Осматривая гробницу, невольно припоминаешь героические страницы истории Древней Руси, связанные с именем Александра Невского, восхищаешься гробницей, удивляешься искуснейшему мастерству художников, литейщиков, чеканщиков и громадности самой раки — 90 пудов драгоценного металла! — и благородству матового блеска сибирского серебра…
Но поначалу как-то не придаешь значения тому, что само по себе это серебро — тоже памятник русской истории. Не придаешь, хотя и надписи на гробнице, и экскурсовод сообщают о том, что это «первоприобретенное сребро», которое русское «недро земное открыло». Да, это интереснейший памятник истории, несмотря на историческую неточность надписи: гробница создана вовсе не из самого первого русского серебра. Но она создана из серебра, к которому легенды Невьянской башни имеют прямое отношение.
«Высочайший случай» Акинфия Демидова
В один из морозных январских дней 1744 года до Невьянского завода — горной столицы ведомства Акинфия Демидова — добрался с Алтая посыльный, преодолев более двух тысяч верст сибирского бездорожья со скоростью, с какой не ездил ни один самый срочный правительственный курьер. У Демидова с горным Алтаем была своя великолепно налаженная связь. Посыльный передал грозному властелину письмо приказчика Колывано-Воскресенских заводов, в котором тот, кроме разных заводских дел, уведомлял, что после окончания контракта выехал в Петербург саксонский штейгер Филипп Трегер. Но уехал не просто так, а с обидой на хозяина завода. Перед самым отъездом, сообщал приказчик, хмельной штейгер говаривал знакомым, что известит в столице о кое-каких колыванских делах и что извет уже приготовил…
С этим письмом Акинфий Никитич просидел целый день один, никого к себе не допуская. Умный и опытный хищник сразу же почувствовал опасность. Он понял, что если этот проклятый саксонец, по его хозяйскому приказу выпоротый плетьми за промашку в деле, объявится в столице, то ему, Акинфию Демидову, несдобровать: есть грехи, за которые не пощадят даже самого могущественного горнопромышленника России.
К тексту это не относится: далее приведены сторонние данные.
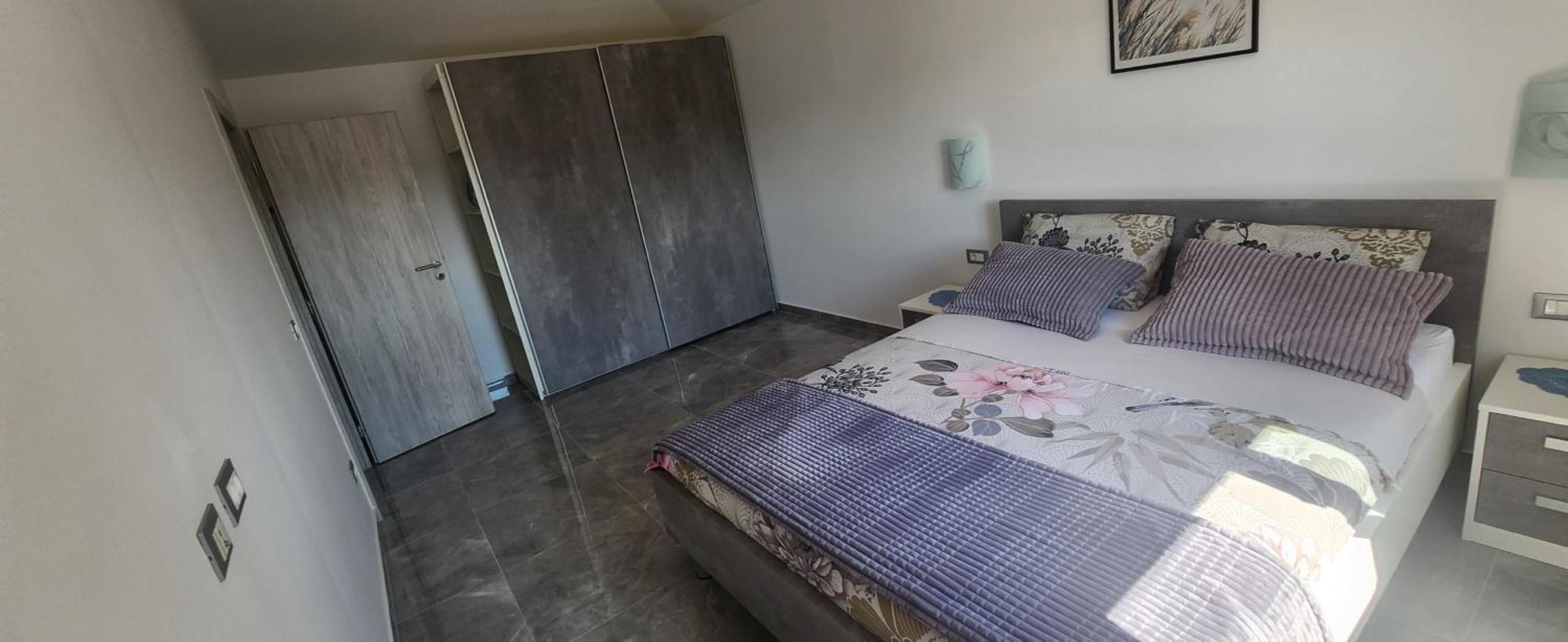 Apartmani Radmila Nova Vas  Exteriör bild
И, несмотря на январскую стужу, на свои шестьдесят шесть лет, на недомогание, он приказал немедля готовить свой возок с дворянским гербом, отобрать лучших лошадей да загрузить две подводы подарками.
И не успел посыльный еще проспаться после долгой изнурительной езды, как Акинфий Никитич вместе с самыми верными приказчиками и телохранителями уже отправился в свой длинный и трудный путь. В дороге он гневался из-за любой, даже самой малой задержки, не жалел ни лошадей, которых меняли на его же, демидовских, постоялых дворах, раскиданных на всем пути от Невьянска до Петербурга, ни своих людей, которым не было ни часа покоя, ни самого себя; отказался ночевать под крышей, спал на ходу, прямо в возке, закутавшись в огромный тулуп.
Прибыв же в столицу, уже не торопился, не суетился, но и времени зря не терял. К своему новому милостивцу, барону Ивану Черкасову, личному кабинет-секретарю императрицы, Демидов явился с такими подарками, что даже привыкший к подношениям барон был польщен чрезвычайно. В ближайшие же дни уральский заводчик нанес визиты еще некоторым придворным, находившимся в особом фаворе у императрицы.